Une solution originale a donc été élaborée. Il s’agit des commodats. Plutôt que de vendre un lot de leur terre, les agriculteurs le cèdent en usufruit pour une période minimale de cinq ans. La plupart des 200 commodats signés jusqu’à maintenant portent sur une période de 10 ans, et certains vont même jusqu’à 20 ans. « C’est important, car cela permet aux femmes d’investir dans leur terre en sachant qu’elles en auront encore l’usage dans plusieurs années », précise Serge Lantagne. Le projet a débuté en 2016 et prendra fin en 2021. Au terme de cette période, M. Lantagne espère que 400 commodats auront été signés. Cela permettrait d’atteindre une parité hommes-femmes au sein des coopératives.

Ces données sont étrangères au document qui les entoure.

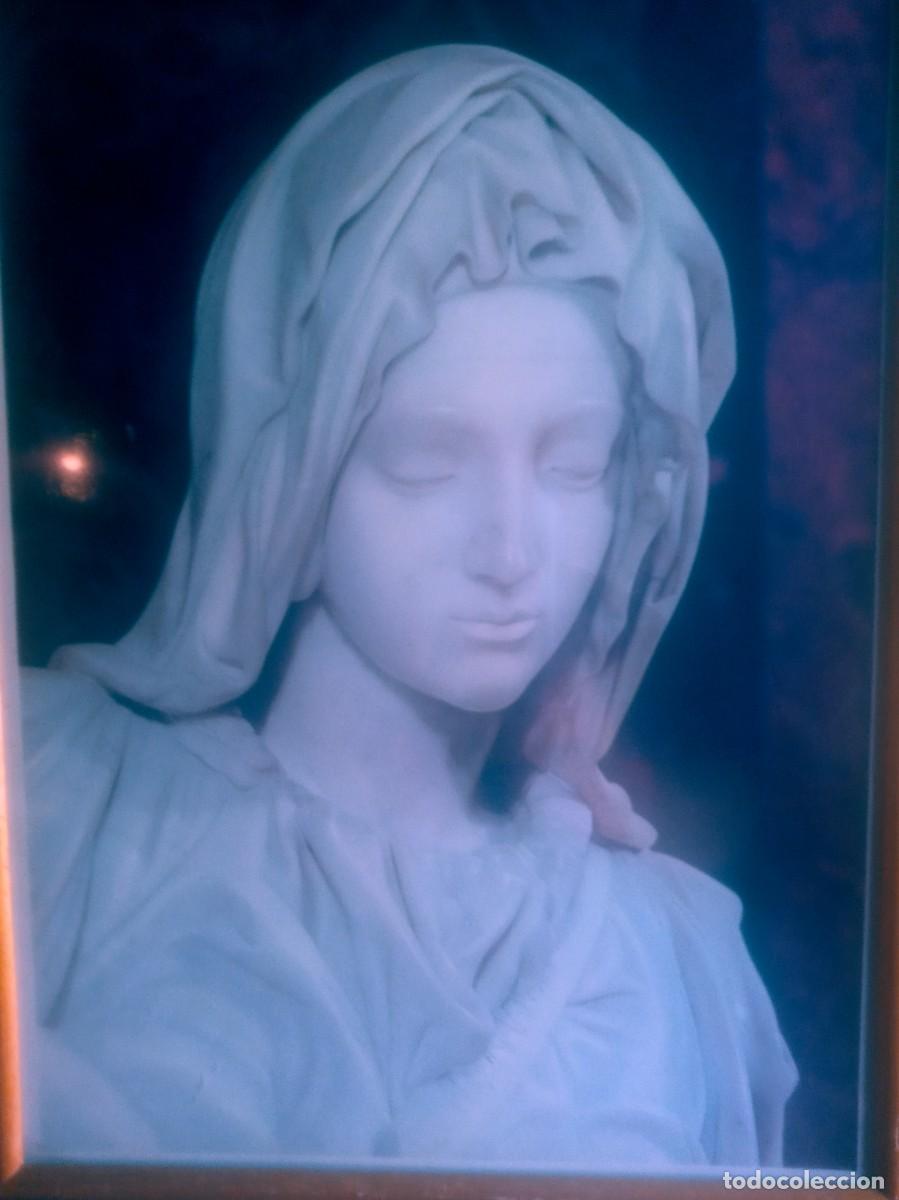 Arte: LA PIEDAD-MICHELANGELO. - Foto 2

Ces dernières ont par ailleurs fait un effort de leur côté en assouplissant certaines règles. Plutôt que de devoir être propriétaires pour devenir membres, il faut maintenant simplement travailler la terre. Les femmes et les jeunes voient donc leur accès grandement facilité.
Il leur reste à prendre leur place dans les instances, comme les conseils d’administration. Les femmes reçoivent des formations pour apprendre à lire des états financiers, à s’exprimer en public et à développer une confiance suffisante pour accepter de siéger à ces instances. Des comités de genre ont aussi été mis en place dans les coopératives. Composés de femmes, ils recensent les besoins des membres féminins et rédigent des plans d’action pour favoriser l’égalité des sexes dans ces organismes. Des avancées se font, par exemple, sur le plan de l’équité salariale.
Et c’est loin d’être fini. Après avoir travaillé sur l’accès aux terres et aux moyens de production, SOCODEVI s’attelle maintenant au financement de la production des femmes. Elle pourrait passer par des programmes de crédits offerts dans le cadre des coopératives. « Nous nous pencherons aussi sur la commercialisation de leurs produits, qui pourrait, par exemple, bénéficier d’une certification “produit par des femmes”, comme nous l’avons déjà fait pour des productrices de café en Colombie », conclut M. Lantagne.